Dataset excerpt:
◆ ◆ ◆

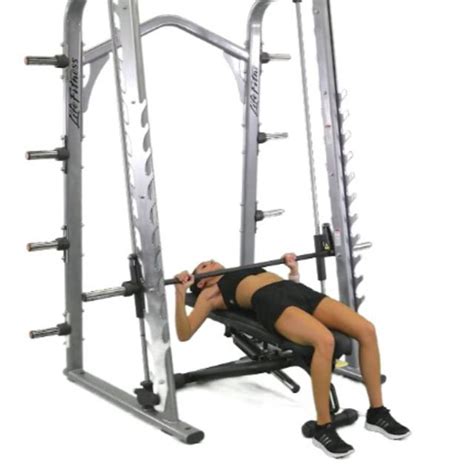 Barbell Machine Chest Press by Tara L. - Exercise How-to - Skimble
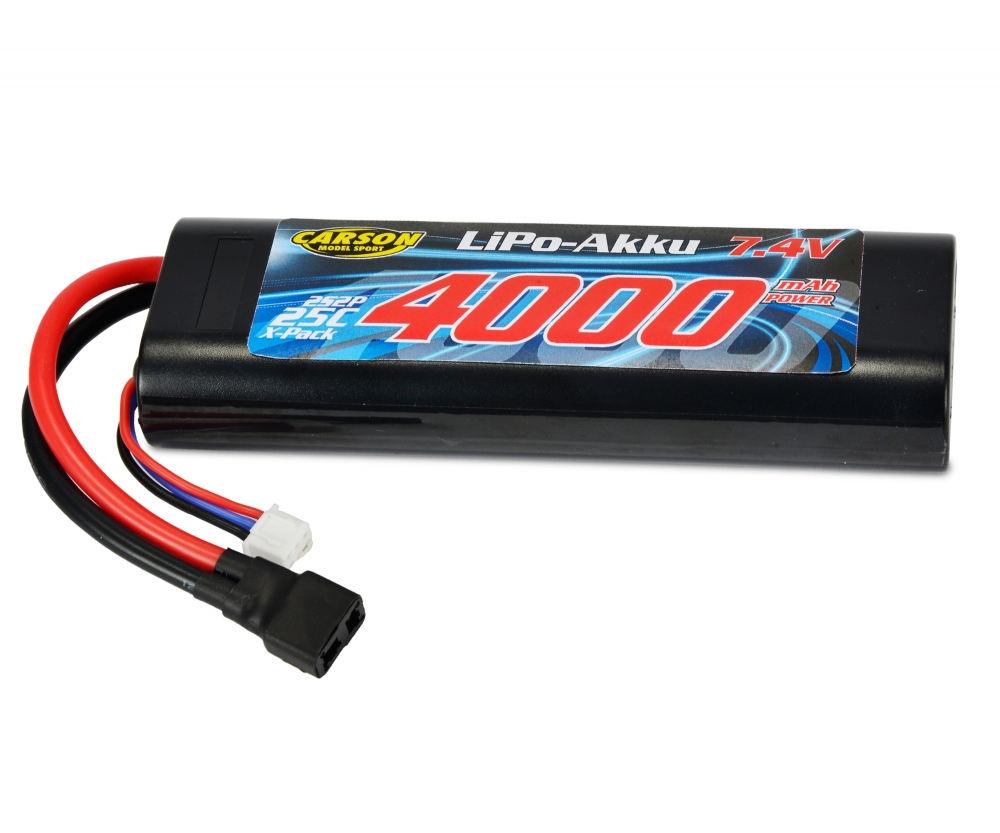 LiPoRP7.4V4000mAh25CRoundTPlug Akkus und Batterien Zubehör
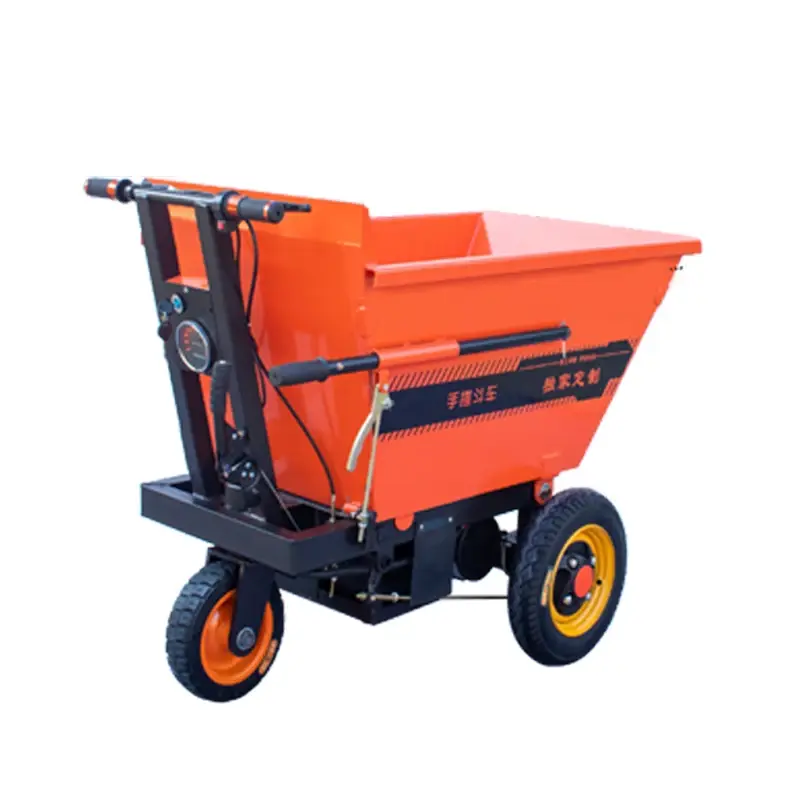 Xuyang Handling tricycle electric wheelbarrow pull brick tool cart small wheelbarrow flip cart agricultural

◆ ◆ ◆

Description of the task:
In your copy of the material, every word must match and no image should appear.

Your solution:
 Barbell Machine Chest Press by Tara L. - Exercise How-to - Skimble
 LiPoRP7.4V4000mAh25CRoundTPlug Akkus und Batterien Zubehör
 Xuyang Handling tricycle electric wheelbarrow pull brick tool cart small wheelbarrow flip cart agricultural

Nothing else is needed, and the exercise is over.